NIA chargesheet is based on a case registered by the counter-terror agency last year (Representational)

New Delhi:  Several Pakistan embassy officials were involved in terror funding in Jammu and Kashmir and the money was routed from that country via Dubai, the National Investigating Agency said in its chargesheet filed in a court on Thursday.

The NIA says noted Kashmiri businessman Zahoor Watali was the main conduit who acted as a go in between the embassy and the separatist leaders. 

"A first secretary rank official used to meet many separatist leaders and also Zahoor Watali and we have evidence to show that money was paid to them," an officer dealing with the investigation told NDTV. 

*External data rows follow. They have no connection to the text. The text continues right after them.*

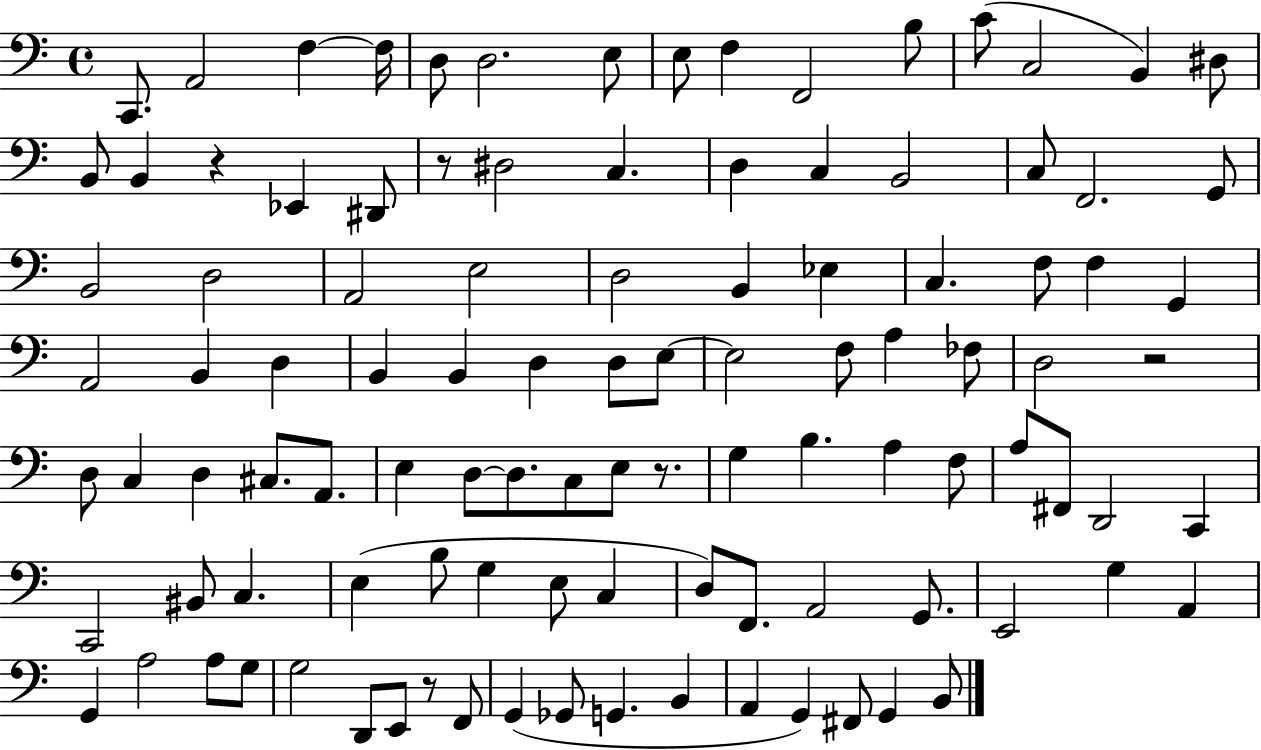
{
  \clef bass
  \time 4/4
  \defaultTimeSignature
  \key c \major
  c,8. a,2 f4~~ f16 | d8 d2. e8 | e8 f4 f,2 b8 | c'8( c2 b,4) dis8 | \break b,8 b,4 r4 ees,4 dis,8 | r8 dis2 c4. | d4 c4 b,2 | c8 f,2. g,8 | \break b,2 d2 | a,2 e2 | d2 b,4 ees4 | c4. f8 f4 g,4 | \break a,2 b,4 d4 | b,4 b,4 d4 d8 e8~~ | e2 f8 a4 fes8 | d2 r2 | \break d8 c4 d4 cis8. a,8. | e4 d8~~ d8. c8 e8 r8. | g4 b4. a4 f8 | a8 fis,8 d,2 c,4 | \break c,2 bis,8 c4. | e4( b8 g4 e8 c4 | d8) f,8. a,2 g,8. | e,2 g4 a,4 | \break g,4 a2 a8 g8 | g2 d,8 e,8 r8 f,8 | g,4( ges,8 g,4. b,4 | a,4 g,4) fis,8 g,4 b,8 | \break \bar "|."
}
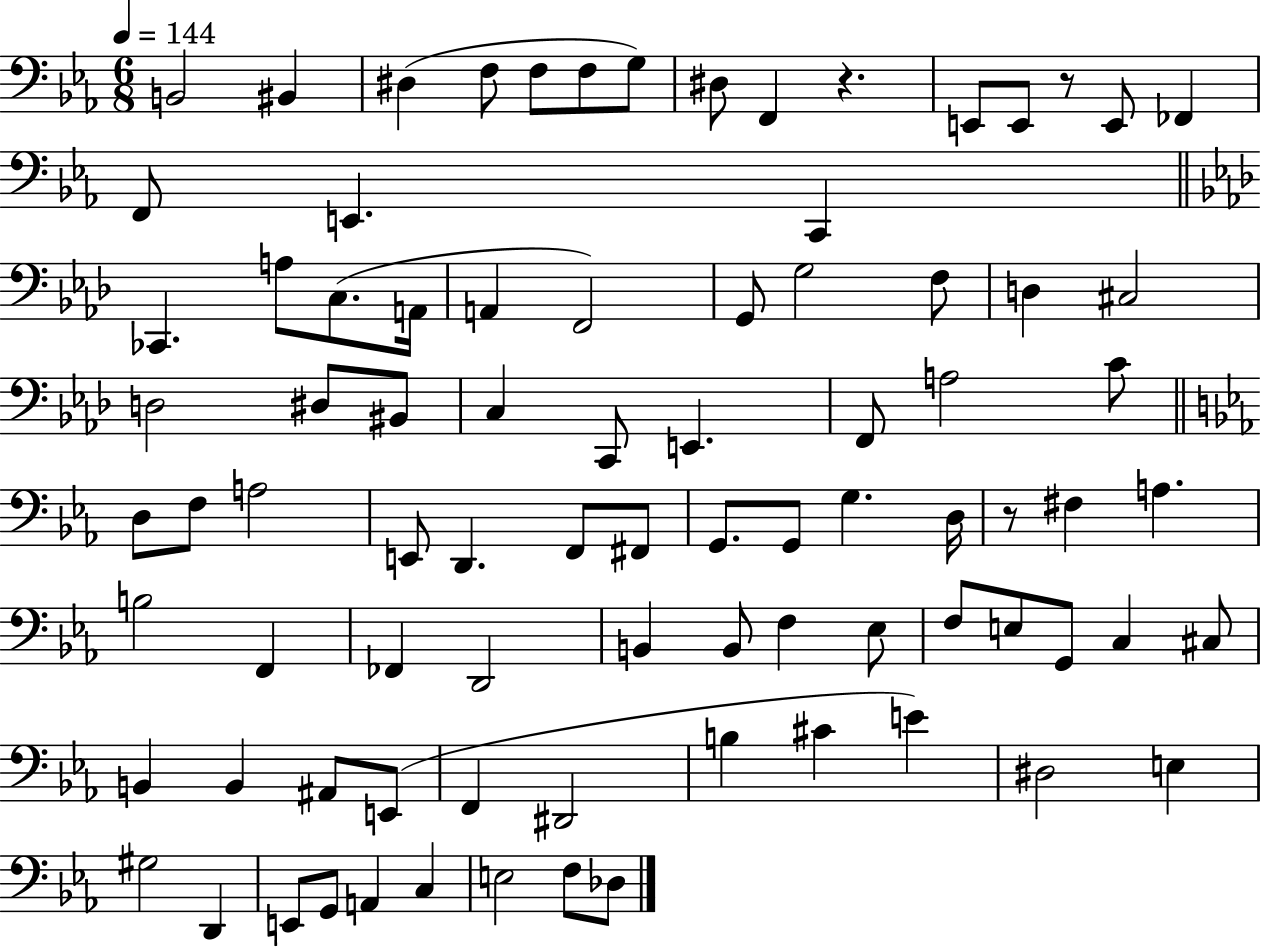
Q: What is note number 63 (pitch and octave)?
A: B2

According to him they have enough oral, circumstantial evidences and the testimony of several witnesses against several Pakistani embassy officials. As the investigation in the case is still on, their names were not mentioned. 

"We are trying to unravel a larger conspiracy," he added. 

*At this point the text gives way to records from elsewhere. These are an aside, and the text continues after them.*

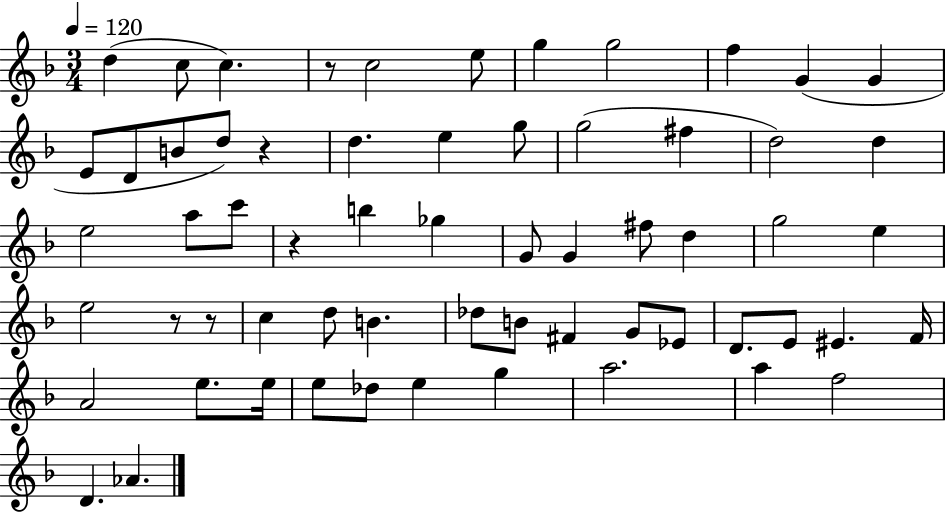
D5/q C5/e C5/q. R/e C5/h E5/e G5/q G5/h F5/q G4/q G4/q E4/e D4/e B4/e D5/e R/q D5/q. E5/q G5/e G5/h F#5/q D5/h D5/q E5/h A5/e C6/e R/q B5/q Gb5/q G4/e G4/q F#5/e D5/q G5/h E5/q E5/h R/e R/e C5/q D5/e B4/q. Db5/e B4/e F#4/q G4/e Eb4/e D4/e. E4/e EIS4/q. F4/s A4/h E5/e. E5/s E5/e Db5/e E5/q G5/q A5/h. A5/q F5/h D4/q. Ab4/q.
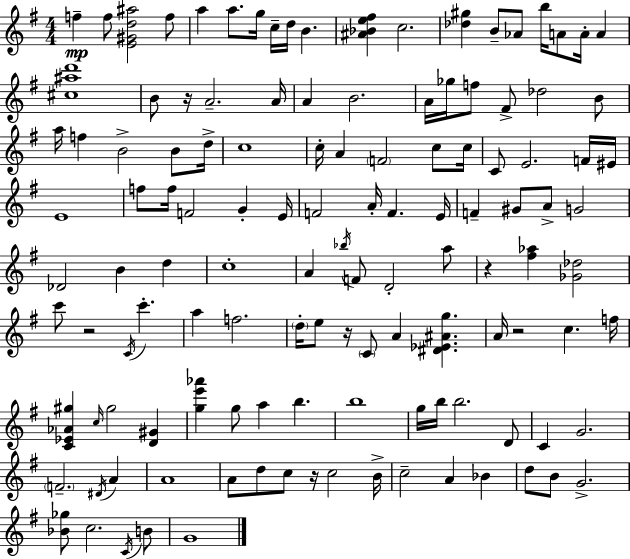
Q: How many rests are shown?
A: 6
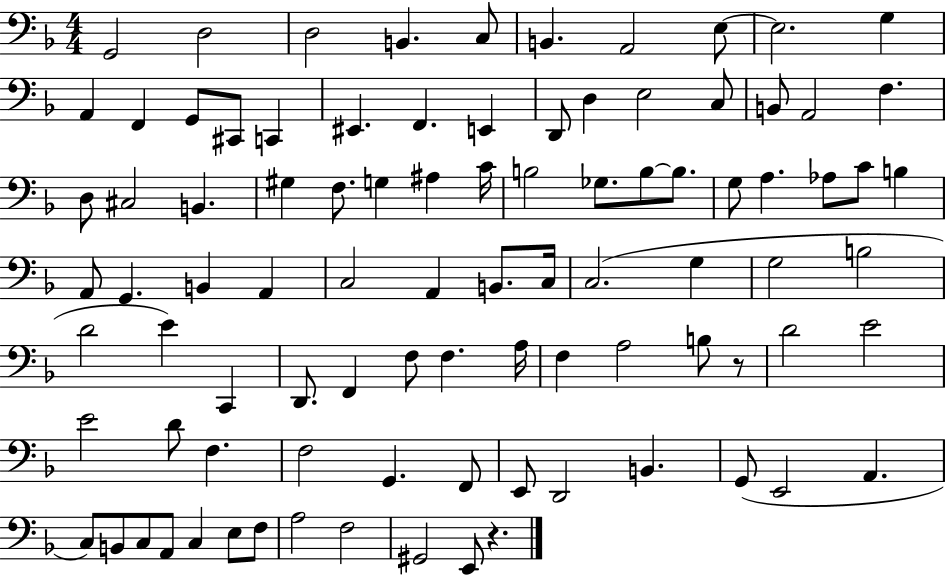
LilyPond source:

{
  \clef bass
  \numericTimeSignature
  \time 4/4
  \key f \major
  g,2 d2 | d2 b,4. c8 | b,4. a,2 e8~~ | e2. g4 | \break a,4 f,4 g,8 cis,8 c,4 | eis,4. f,4. e,4 | d,8 d4 e2 c8 | b,8 a,2 f4. | \break d8 cis2 b,4. | gis4 f8. g4 ais4 c'16 | b2 ges8. b8~~ b8. | g8 a4. aes8 c'8 b4 | \break a,8 g,4. b,4 a,4 | c2 a,4 b,8. c16 | c2.( g4 | g2 b2 | \break d'2 e'4) c,4 | d,8. f,4 f8 f4. a16 | f4 a2 b8 r8 | d'2 e'2 | \break e'2 d'8 f4. | f2 g,4. f,8 | e,8 d,2 b,4. | g,8( e,2 a,4. | \break c8) b,8 c8 a,8 c4 e8 f8 | a2 f2 | gis,2 e,8 r4. | \bar "|."
}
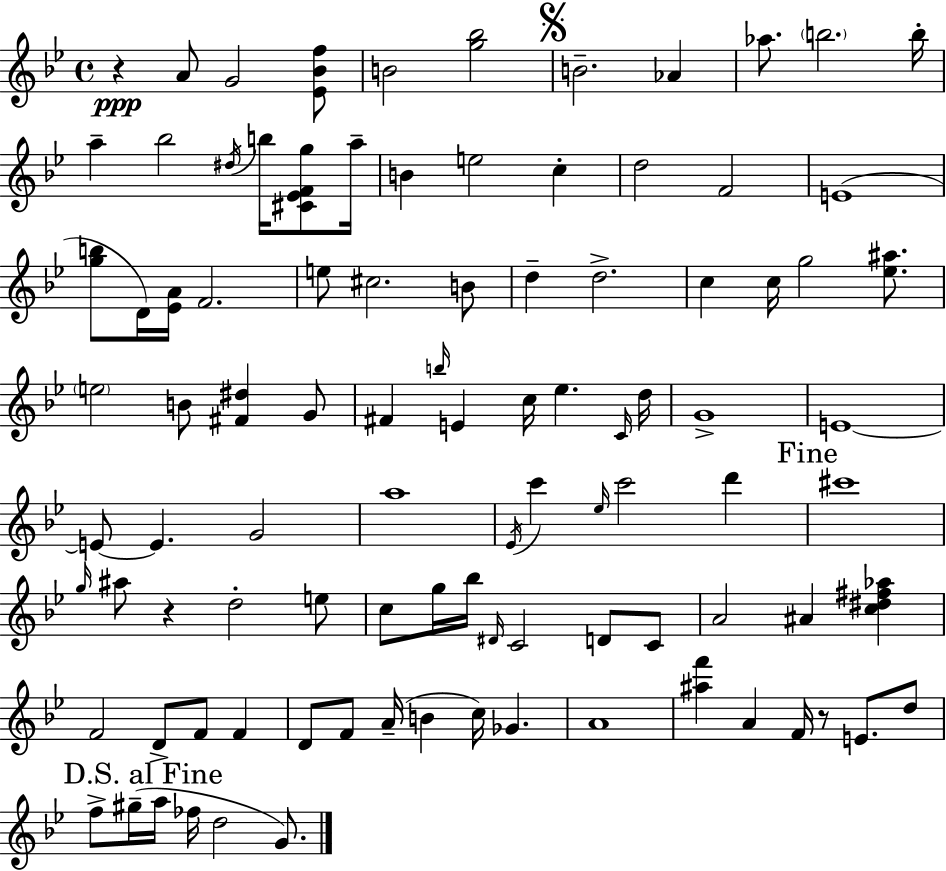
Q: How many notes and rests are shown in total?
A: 97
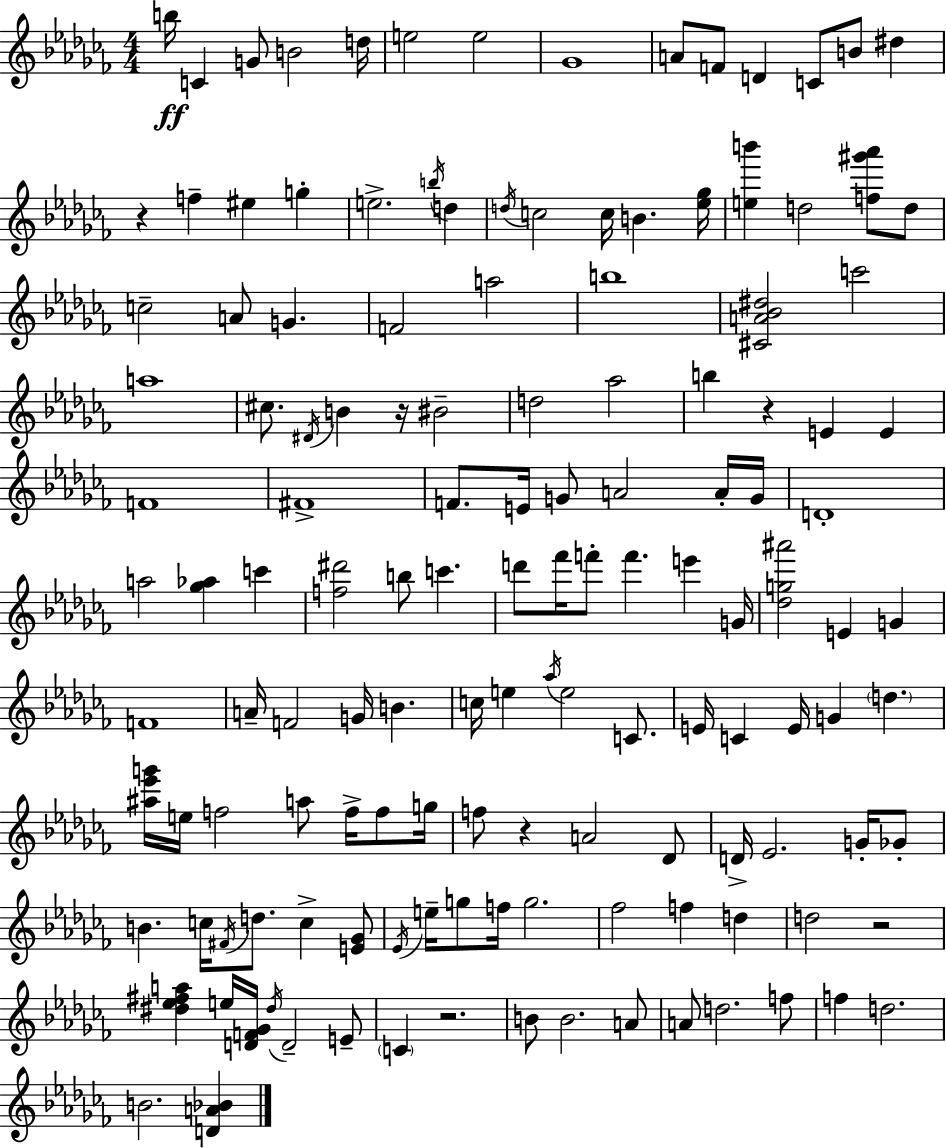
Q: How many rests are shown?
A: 6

The NIA says this case is not about terror funding alone, it's about a conspiracy to wage war against India. "Terrorist organisations active in the Valley get support from Pakistan and Hurriyat is their political front," the chargesheet states. 

The 12,794 page chargesheet also goes back to the beginning of terrorism in Kashmir in 1990s. "We have explained how protests are orchestrated, planned and executed in the Valley by these separatist leaders," disclosed an officer.  

The chargesheet states stone pelting works like an organised sector - there are district, block, mohalla and tehsil level workers. "Mehraj ud Din Kanwal was a district president of Srinagar city. He used to organise protests. The money he used to receive from Pakistan he used to distribute among his workers or associates who used to organise pelting," the officer said.

According to him although most of the money received by conduits such as Kanwal was used to spread unrest in the Valley, part of it was also given to separatists leaders.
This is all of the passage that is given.